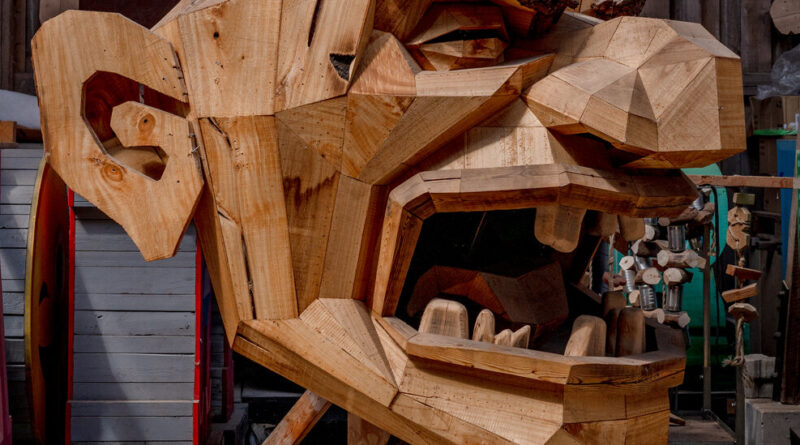 He’s Trolling Your Trash, and Turning It Into Art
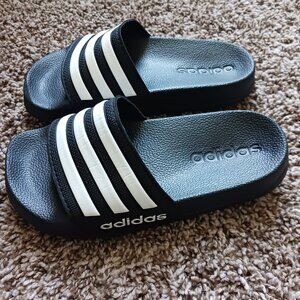 Adidas adilette sandals 10K
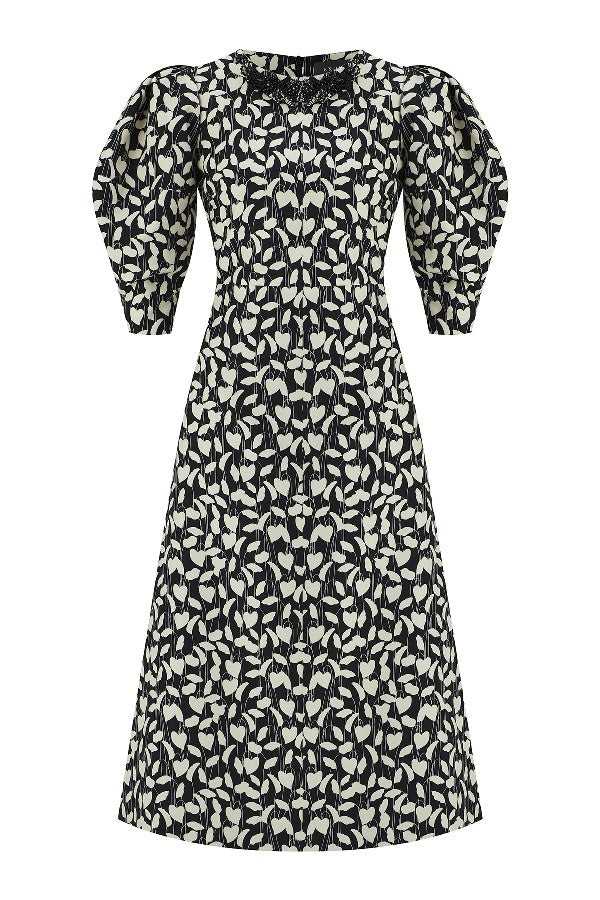 Yakası İşleme Detaylı Desenli Elbise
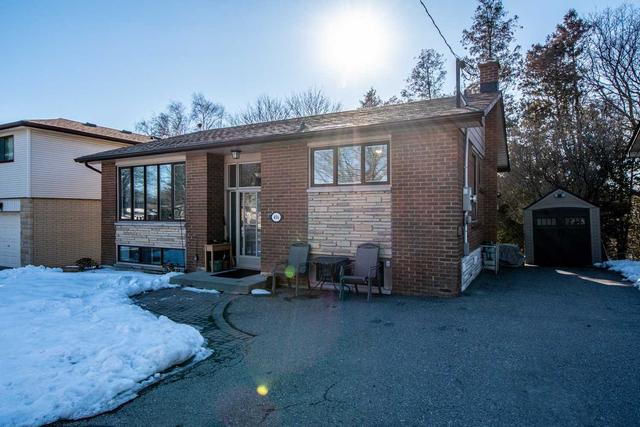 406 Dianne Dr, House detached with 3 bedrooms, 2 bathrooms and 4 parking in Oshawa ON | Image 23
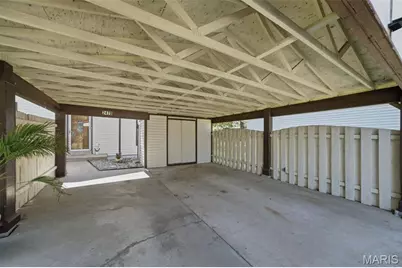 2470 Jenkee Drive, Florissant, MO 63031 - Photo 10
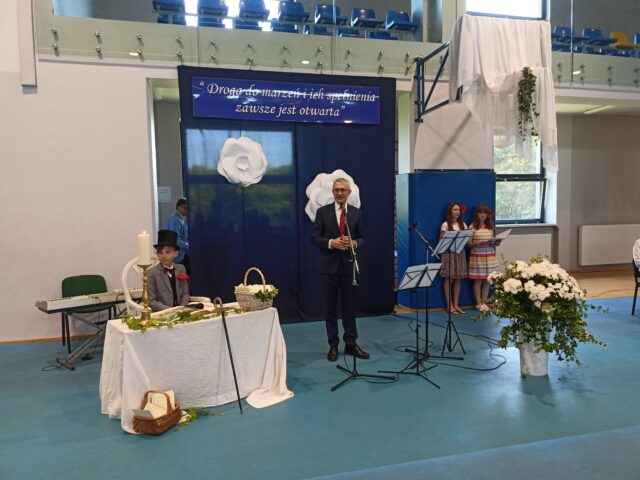 Burmistrz MiG Pleszew przemawia na gali wręczenia listów gratulacyjnych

──────────

# YOUR OBJECTIVE:
Could you write out exactly the lines from the line containing "2470 Jenkee Drive, Florissant, MO" to the end of the material, and nothing else? No pictures belong in the copy.

# RESPONSE AREA:
 2470 Jenkee Drive, Florissant, MO 63031 - Photo 10
 Burmistrz MiG Pleszew przemawia na gali wręczenia listów gratulacyjnych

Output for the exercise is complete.